Of the material below, the lines to be retyped are those from the line containing "Darius L Mason" through the line containing "Опора АКПП Doosan D20S-5 D140158 (TVH)", inclusive; reproduce them exactly.

====== Data for the task ======

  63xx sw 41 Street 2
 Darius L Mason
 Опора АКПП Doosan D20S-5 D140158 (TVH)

======
====== Data for the task ======

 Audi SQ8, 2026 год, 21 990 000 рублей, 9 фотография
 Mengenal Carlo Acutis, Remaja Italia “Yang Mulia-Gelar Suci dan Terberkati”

======

◆ Written solution
 Darius L Mason
 Опора АКПП Doosan D20S-5 D140158 (TVH)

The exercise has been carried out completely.